Deputada federal pelo PDT de São Paulo, Tabata Amaral concede entrevista ao Canal MyNews.
Deputada federal pelo PDT de São Paulo, Tabata Amaral concede entrevista ao Canal MyNews. Foto: Reprodução (Canal MyNews).

Durante a tramitação da PEC Emergencial, a senhora recebeu ataques nas redes sociais, com diversas fake News. O que foi falado e o que é mentira?

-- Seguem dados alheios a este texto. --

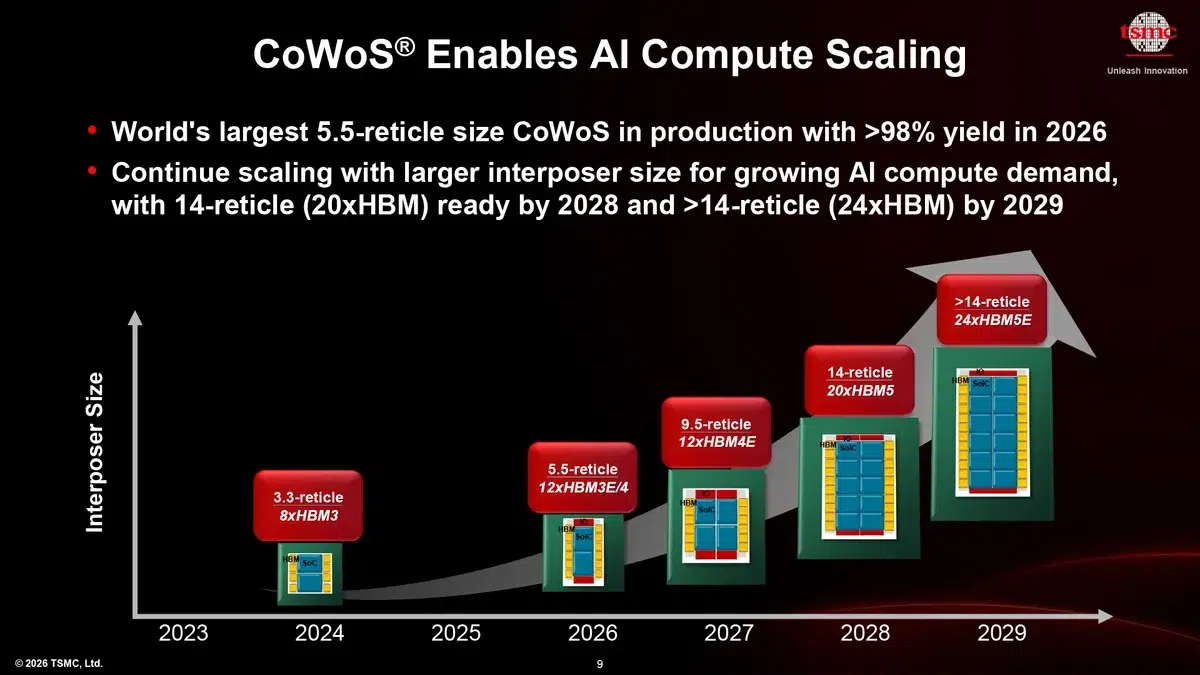 Изображение к статье: TSMC не спешит менять CoWoS на CoPoS для AI-чипов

“Da mesma forma que sou muito crítica ao negacionismo e às trapalhadas do governo, também sou muito crítica à uma parcela da esquerda que, infelizmente, prefere fazer a narrativa, prefere marcar uma posição a produzir soluções.

O que o governo fez foi amarrar a parte fiscal da PEC com a liberação de recursos para o auxílio. Não tinha como separar: ou você votava ou você não votava a PEC. Alguns parlamentares de esquerda preferiram ser contra a PEC, então ser contra a liberação de recursos para o auxílio emergencial, porque eram contra outros aspectos, contra narrativas de que o projeto veio do governo Bolsonaro. Eu não tenho coragem de fazer isso… Eu venho da periferia, eu moro em uma ocupação até hoje, eu sei o que a fome está fazendo no nosso Brasil. Por isso, não tenho coragem de atrasar em um dia a mais o auxílio emergencial.

Qual a leitura que eu faço: para se proteger dos ataques de quem iria dizer ‘você votou contra o auxílio emergencial’, algumas lideranças políticas começaram a propagar fake news dizendo que, a partir daquele momento, os salários dos servidores seriam congelados por 15 anos. Isso não tem um fundo de verdade sequer. E me parece que fizeram isso para desviar a atenção, para mobilizar os servidores, para que não apontassem o dedo e dissessem ‘vocês votaram contra o auxílio emergencial’.

Infelizmente, tive que passar diversos dias dizendo que isso é mentira, o que votamos foi ‘isso’. Porque quem está com o prato vazio não está na internet se mobilizando, não está em sindicato, não faz lobby… geralmente não é ouvido, nem pela esquerda e nem pela direita”.

A senhora acha que há uma dificuldade maior de união por parte da esquerda, seja em votações, disputas internas e até pensando em uma frente ampla para futuras eleições?  

“Eu vou lutar até o último momento para que tenhamos uma alternativa ao Bolsonaro, porque hoje em dia é sobre as quase 300 mil mortes, é sobre um governo que está acabando com a nossa economia, que não consegue vacinar sua população e que, claramente, coloca narrativas políticas e projetos pessoais de poder acima de quem mais precisa.

Então, eu vou lutar, mas é muito difícil, pois uma parte da esquerda, em uma disputa de poder, em uma disputa de espaço, entra em conflito consigo mesma. Apresentei uma emenda para que pudéssemos fatiar a PEC, e não consegui 50 assinaturas – a oposição é muito maior que isso no Congresso. […] O ponto é: se uma luta que para mim é tão consensual, que é sobre quem passa fome, não consegue nos unir, se uma parte da própria esquerda utiliza as armas do gabinete do ódio, com fake news, ataques, xingamentos e ameaças, será que a gente entendeu o tamanho do perigo que estamos vivendo?

O meu questionamento não é nem sobre se teremos uma frente ampla, que considero necessária, mas se haverá uma frente restrita… me parece que não. Entretanto, eu continuarei lutando para que seja possível”.